Re: [ceph-users] strange backfill delay after outing one node

2019-08-14 Thread Simon Oosthoek
On 14/08/2019 10:44, Wido den Hollander wrote:
> 
> 
> On 8/14/19 9:48 AM, Simon Oosthoek wrote:
>> Is it a good idea to give the above commands or other commands to speed
>> up the backfilling? (e.g. like increasing "osd max backfills")
>>
> 
> Yes, as right now the OSDs aren't doing that many backfills.
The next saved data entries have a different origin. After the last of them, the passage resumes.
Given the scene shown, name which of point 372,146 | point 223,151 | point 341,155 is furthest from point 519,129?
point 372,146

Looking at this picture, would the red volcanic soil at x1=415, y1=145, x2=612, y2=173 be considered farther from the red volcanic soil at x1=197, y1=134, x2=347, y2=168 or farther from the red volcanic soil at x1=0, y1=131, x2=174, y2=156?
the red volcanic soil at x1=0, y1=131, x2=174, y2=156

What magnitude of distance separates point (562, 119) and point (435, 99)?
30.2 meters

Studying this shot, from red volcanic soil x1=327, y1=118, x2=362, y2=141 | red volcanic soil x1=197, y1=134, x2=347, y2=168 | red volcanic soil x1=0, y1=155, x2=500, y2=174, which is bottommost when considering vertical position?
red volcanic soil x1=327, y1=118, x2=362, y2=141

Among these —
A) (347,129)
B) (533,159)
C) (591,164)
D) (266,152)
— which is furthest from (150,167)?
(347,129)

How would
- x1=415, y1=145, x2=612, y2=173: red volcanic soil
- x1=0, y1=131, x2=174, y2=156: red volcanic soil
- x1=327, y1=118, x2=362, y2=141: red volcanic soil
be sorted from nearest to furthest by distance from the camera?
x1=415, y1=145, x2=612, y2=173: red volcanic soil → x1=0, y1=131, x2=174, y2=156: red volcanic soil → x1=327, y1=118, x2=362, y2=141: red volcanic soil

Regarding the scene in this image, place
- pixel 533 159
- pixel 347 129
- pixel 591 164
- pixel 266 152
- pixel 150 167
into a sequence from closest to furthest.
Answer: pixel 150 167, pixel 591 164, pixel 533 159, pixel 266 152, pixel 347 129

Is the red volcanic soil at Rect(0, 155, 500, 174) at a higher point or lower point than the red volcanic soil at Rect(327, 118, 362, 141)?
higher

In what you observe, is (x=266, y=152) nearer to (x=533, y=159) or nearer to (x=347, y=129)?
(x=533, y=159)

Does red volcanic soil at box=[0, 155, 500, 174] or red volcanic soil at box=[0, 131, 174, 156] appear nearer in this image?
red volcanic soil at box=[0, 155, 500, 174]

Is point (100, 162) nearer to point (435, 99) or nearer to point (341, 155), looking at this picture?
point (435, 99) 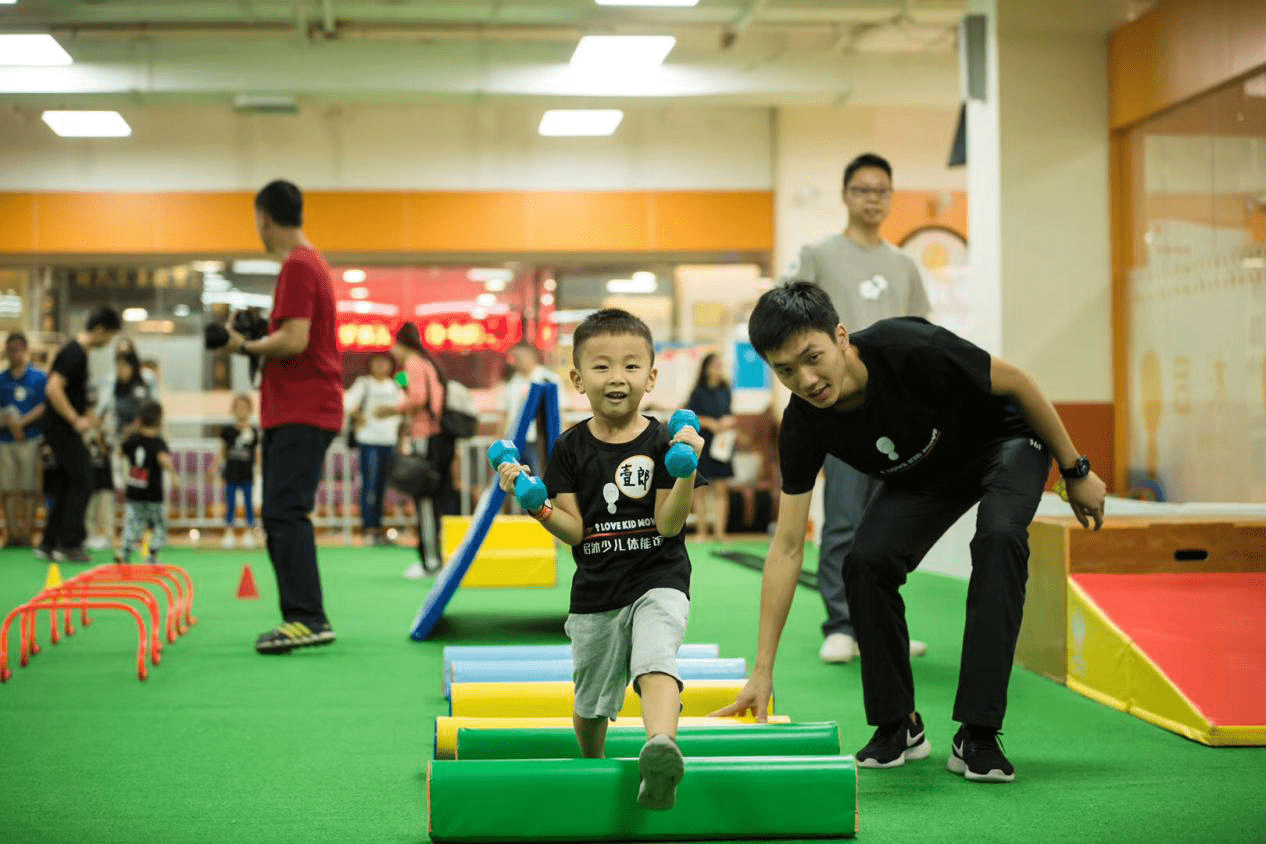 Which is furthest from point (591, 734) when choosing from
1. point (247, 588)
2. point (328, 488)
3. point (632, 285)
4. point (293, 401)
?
point (632, 285)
You still
> have a large queue of PGs which need to be backfilled.
> 
> $ ceph tell osd.* config set osd_max_backfills 5
> 
> The default is that only one (1) backfills runs at the same time per
> OSD. By setting it to 5 you speed up the process by increasing the
> concurrency. This will however add load to the system and thus reduce
> the available I/O for clients.
> 

Currently the main user is the backfilling, so that's ok for now ;-)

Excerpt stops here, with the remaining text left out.